Imagine Ariana Grande. Whether you picture a young, red-headed ditz from Victorious, or a sassy pop diva, Grande carries an air of innocence with her youthful image. For a bestselling 22-year-old pop star, Ariana Grande looks remarkably young—and the world has made sure she’s aware of that fact. When she was involved with Big Sean, the internet constantly mocked their relationship, calling him her “babysitter” or “sugar daddy” while he was only a few years her senior. Even after they broke up, the joke prevailed, with comments about her elementary school enrollment or Little League championships constantly being made.
With her video series for provocative single “Dangerous Woman,” Grande is trying to prove that she is a woman—not the child everyone thinks she is. Before releasing “Dangerous Woman (Visual 1),” Grande performed an a cappella version of the song for video release, clad in a latex bunny outfit. No, it was not enough to ask for “all you got, skin to skin” in the song’s risqué lyrics—a leather mask and gloves were necessary as well. While her vocal performance is truly impressive, if not remarkable, the gimmick is distracting and detracts from the video’s quality.
“Dangerous Woman (Visual 1),” the track’s first official video release, falls into the same trap of shameless sex appeal. The video consists of Grande dancing around in lingerie, seductively serenading the camera under soft pink and blue lights. With no costar or plot, the video should by default be called performance-based, but the performance Grande is advertising is not her singing.

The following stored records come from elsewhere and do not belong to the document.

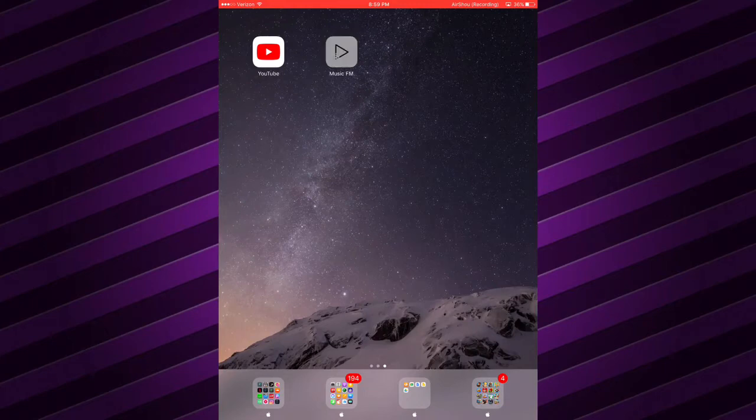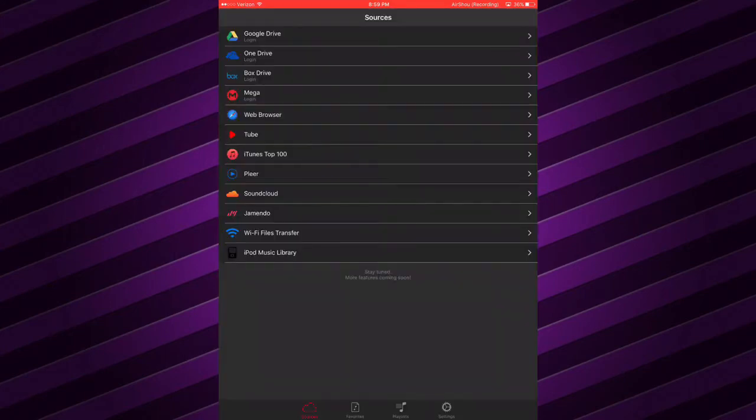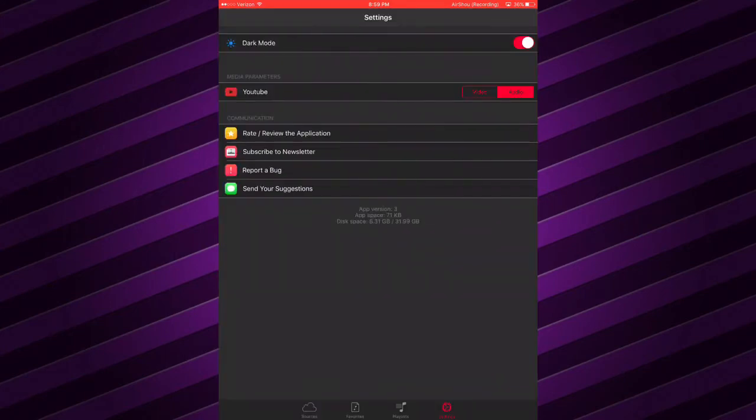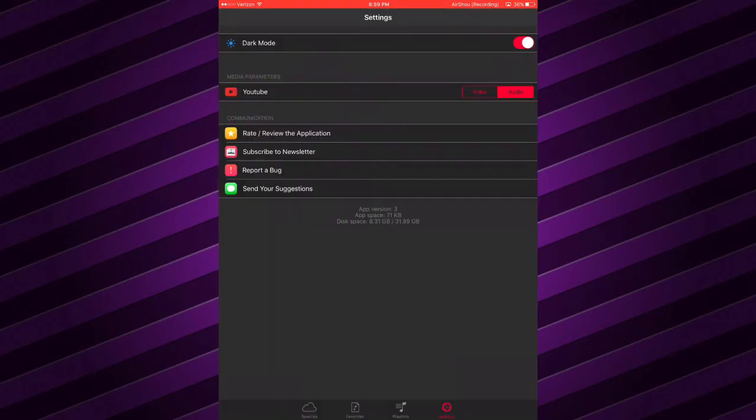Once you download it, just come into the app right here. So you can download music or YouTube videos, or just music offline. Right here you can do the video, watch it offline, or the audio. Dark mode, light mode.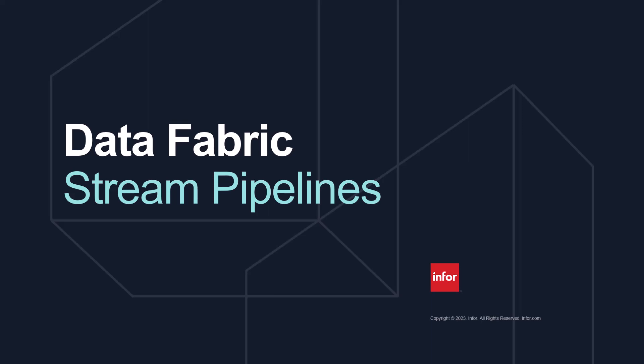Hello and welcome. This will be an overview on Infor's Data Fabric feature, Stream Pipelines.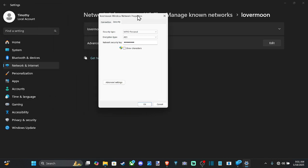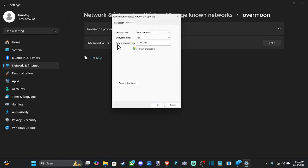And you can see the Network Security key located right here. All we have to do is go to Show Characters, and boom, that's the Wi-Fi password.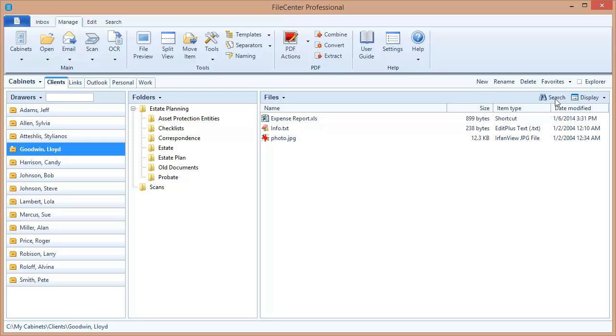Sometimes your best search results are going to come when you search not the body of your documents but the file names themselves. When you search the body, you're going to get a lot of results. But if you've been very good about the way you name your files, you can search only the file names and you can get to very specific results very quickly. Now to limit your search to only file names, there's a specific command you need to use. Let's show you how to do that.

Embracing her sexuality and being comfortable in her body, however, is not Grande’s flaw with this video. It’s the apparent fact that this song and its accompanying videos are an attempt to prove herself as an adult. Maturity isn’t something that’s earned through sexuality, but through emotional resilience, which Grande clearly does not yet possess if she’s sinking to the level of her tormentors and compromising her music in order to retaliate to their jokes.